Que la educación no se escape en el transporte urbano
Las gotas de sudor recorren mi espalda. El esguince en la rodilla, que me hice hace un mes, duele tras dos horas parada. Miro al lado y paso a ser una más de las que se sientan en la acera. Otra cara cansada. Otro rostro obstinado. En picada, óptica que me brinda mi nuevo sitio, miro al P9 que está roto a poco menos de una cuadra y rezo porque milagrosamente arranque y se lleve al tumulto que se acumula en la parada de La Lechera, en el Cerro.
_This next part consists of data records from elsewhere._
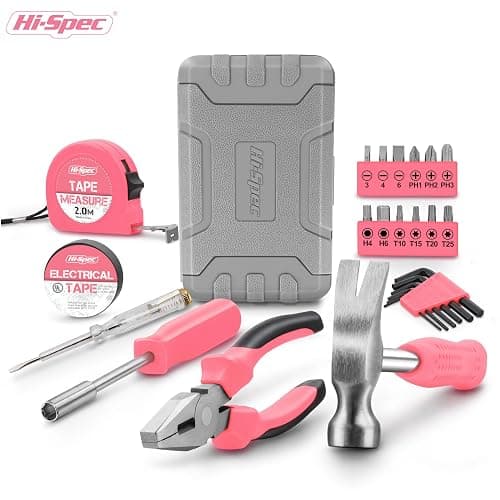 Hi-Spec Mini Tool Box for Home & Office Use, 24-Piece Pink Small Compact Hand Tool Kit Set Organized in a Portable Toolbox Case thumbnail 7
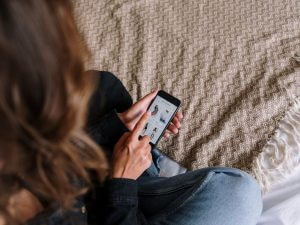 Woman shopping on her phone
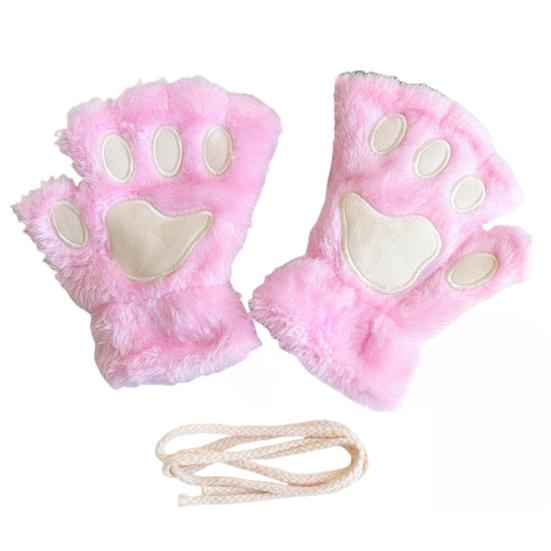 Women Cat Paw Gloves Cute Fuzzy Warm Half Finger Gloves Winter Plush Animal Paw Gloves for Girls Teens Cosplay Costume Parties Daily Wear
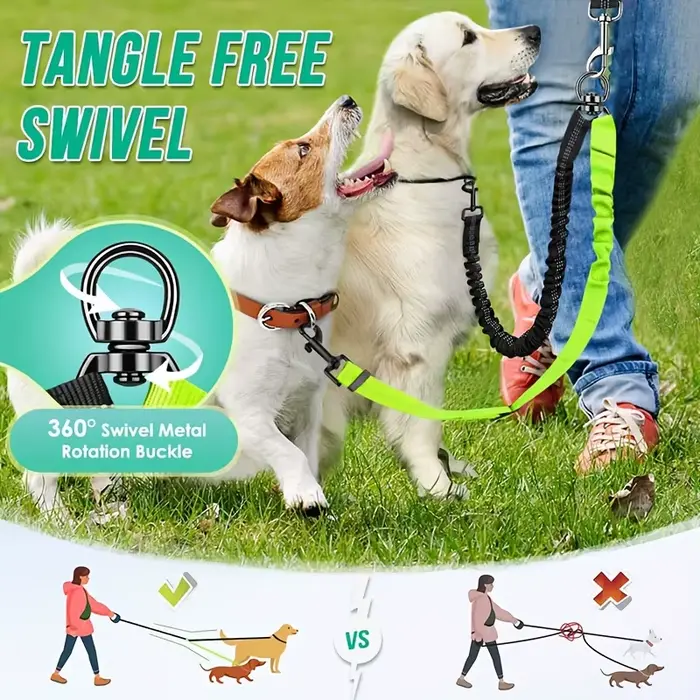 Laisse double pour deux chiens Two Dogs Outing Specia, pour l'entraînement des chiens de petite à grande taille, sangle réglable, amortisseur de chocs.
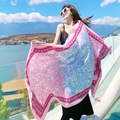Pink and blue gradient bohemian shawl with red floral patterns and tassel trim - Pink Flowers
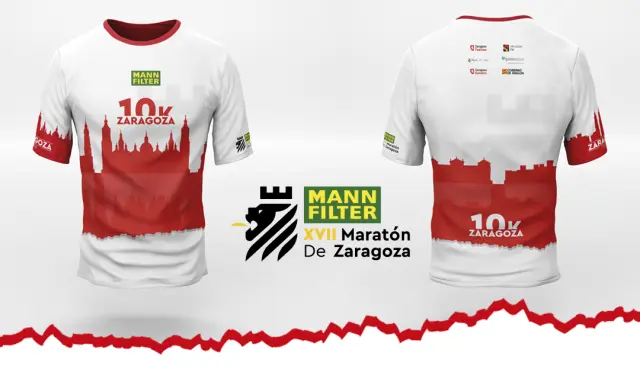 Camisetas de la 10K de Zaragoza vinculada a la maratón.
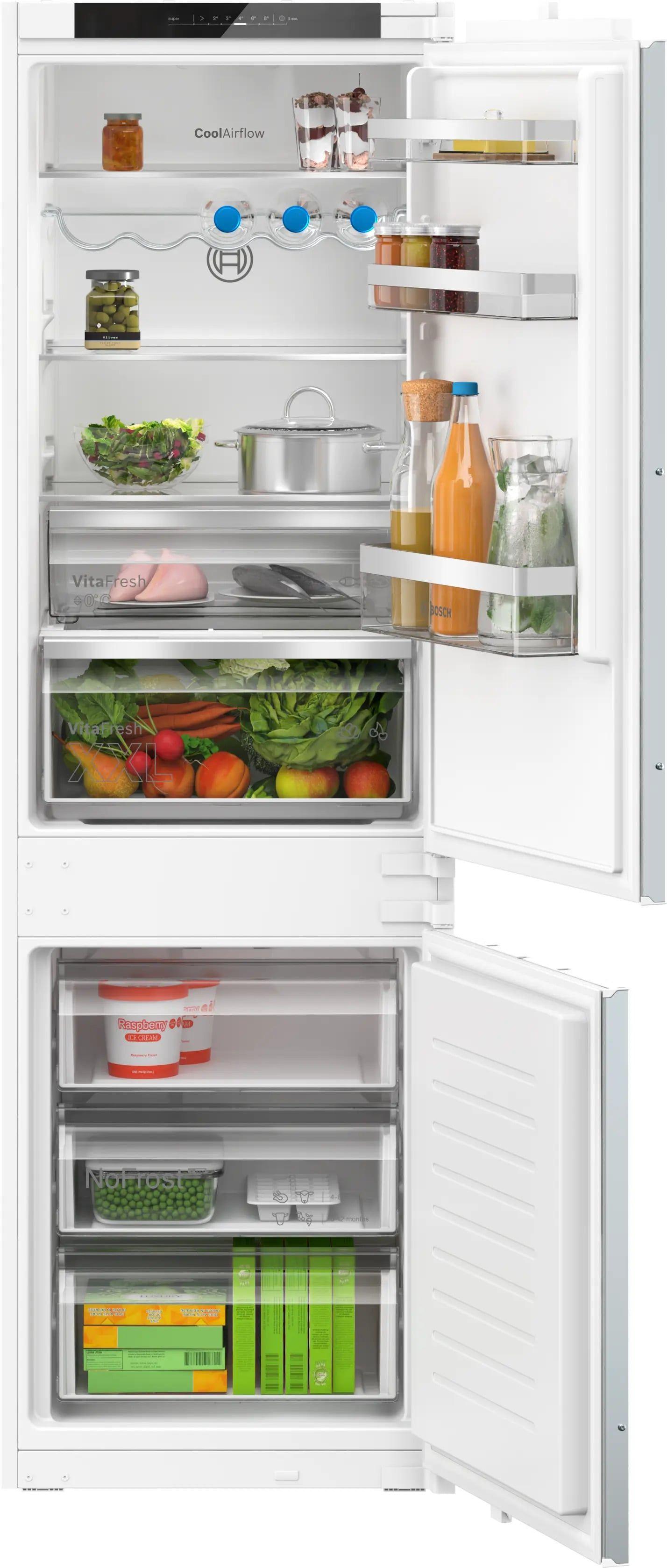 Frigorífico Combinado Encastre BOSCH KIN86VSE0 (260 l - No Frost - 177,2x54,1x54,8 cm - Branco)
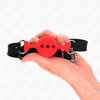Kink Collar Gag KINK Full Silicone Adjustable Gag S Raudona 4 cm Ball 35-51 cm Strap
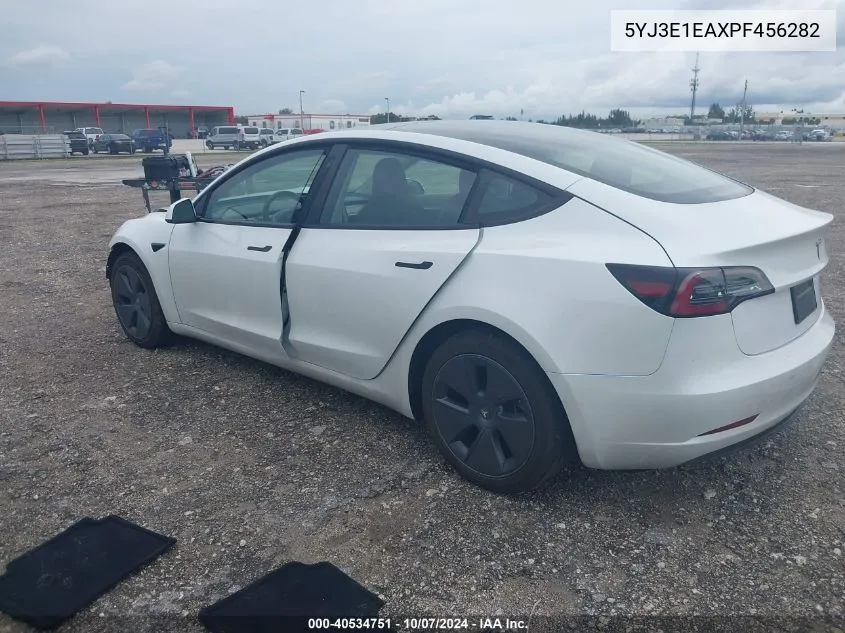 2023 Tesla Model 3 Rear-Wheel Drive VIN: 5YJ3E1EAXPF456282 Lot: 40534751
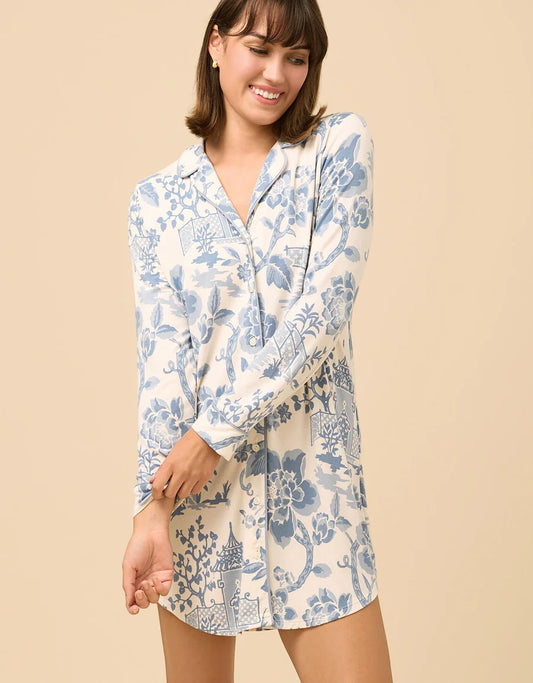 Spartina Pajama Sleep Shirt Garden Toile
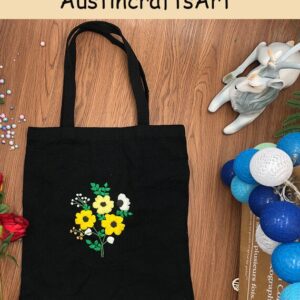 Embroidery Small Flowers Tote Bag Kit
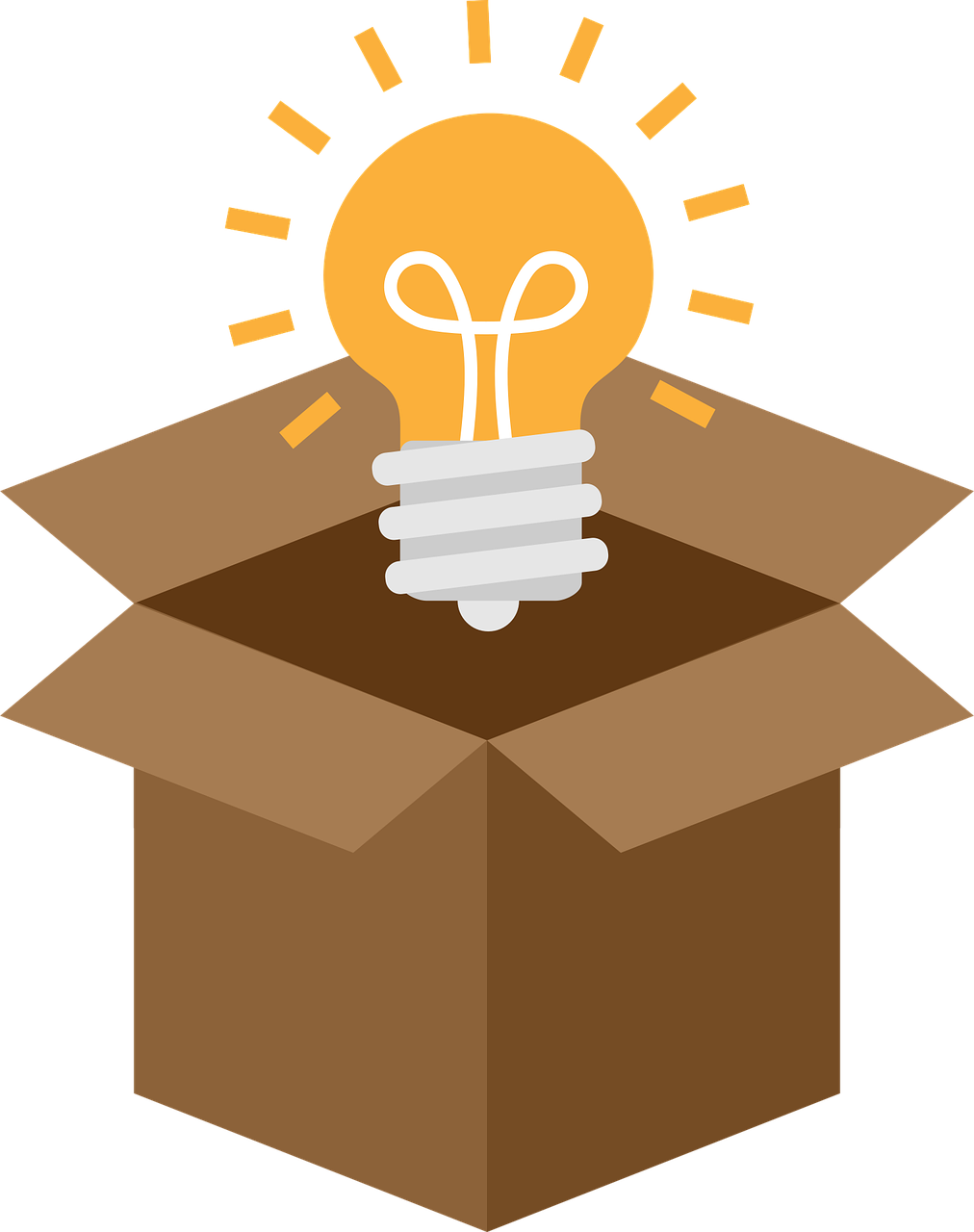A lit lightbulb emerging from an open cardboard box, symbolizing creativity or an innovative idea.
La realidad detrás de esa instantánea cotidiana no es ignorada. La tensa situación económica que atraviesa Cuba, las trabas que limitan el arribo de combustibles al país, el precio del petróleo que aumenta desproporcionadamente en el mercado internacional, el deterioro del parque automotor de ómnibus urbanos en la capital. Sí, todo eso lo conocemos, pero, ¿por qué a esa precaria situación hay que agregarle el oportunismo de algunos conductores y la falta de conciencia de otros? ¿Por qué la apatía de choferes estatales que pasan por las paradas repletas y no se ponen por un momento en el lugar de quienes llevan horas parados en un mismo sitio?
¿Por qué las guaguas se detienen fuera de las paradas y las personas tienen que correr hacia ellas como un ganado desbocado? O peor, ¿por qué no se detienen cuando tienen capacidad para montar a más personas? ¿Por qué, al calor propio del clima y al hacinamiento en el ómnibus, hay que agregarle el olor que emana del tabaco que fuma el chofer en medio del recorrido? Eso sucedió el viernes en un P9. ¿Acaso hay un plan trazado para aumentar la insatisfacción del cubano?
Es difícil. Lo sé. Lo vivo. Obstina que un maratón para llegar al trabajo o a la escuela sea el inicio de un día, o que estés despierto desde las 5 de la mañana y sean las 9 y aún no llegues al trabajo. Pero nada justifica la falta de valores cuando empiezan a gritar obscenidades al conductor en medio del viaje, o cuando se empuja a una anciana y la hacen a un lado para exigir con ese atropello un puesto en el ómnibus. Sí, desgraciadamente vi esa escena esta semana.
El viernes, tres hombres fornidos de más de dos metros, empujaban a una señora débil visual que solo atinaba a decir: “Por favor, cuidado, soy una profesora de música que necesita llegar a sus clases. No salgo a la calle por capricho”.
El miércoles, en la parada del Coppelia se formó un nudo en la puerta de la guagua y las personas que se bajaban empujaban al resto al punto de que una profesora universitaria cayó de espaldas en la acera. Nadie de los que estaban debajo fue capaz de ayudarla porque era más importante subir en el ómnibus. Miraba a la distancia y solo un pensamiento llegaba a mi mente: Si seguimos con esa indolencia, ¿a dónde llegaremos como sociedad?
Y mejor no hablemos de los carros particulares que fácilmente te piden 50 y hasta 100 pesos por un tramo. Eso, definitivamente, merece acción y otro análisis aparte.
Un día cualquiera de la semana puede compararse con una odisea porque lo único que “está malo” no es el transporte. Pero como mismo hay cosas, como la economía, cuya solución no depende directamente de nosotros, otras sí, como mantener la esencia de solidaridad, de ayudar al otro, de dar la mano, en fin, esa idiosincrasia que siempre nos ha caracterizados como cubanos. Eso no lo podemos perder. No podemos darnos ese lujo.
El viernes llegué a mi cita dos horas y media después. Con un hedor que mezclaba tabaco y sudor. El viernes, entre la ida y el regreso, de pie y sentada en aceras, esperé seis horas por el transporte. Con dos más completaba una jornada laboral.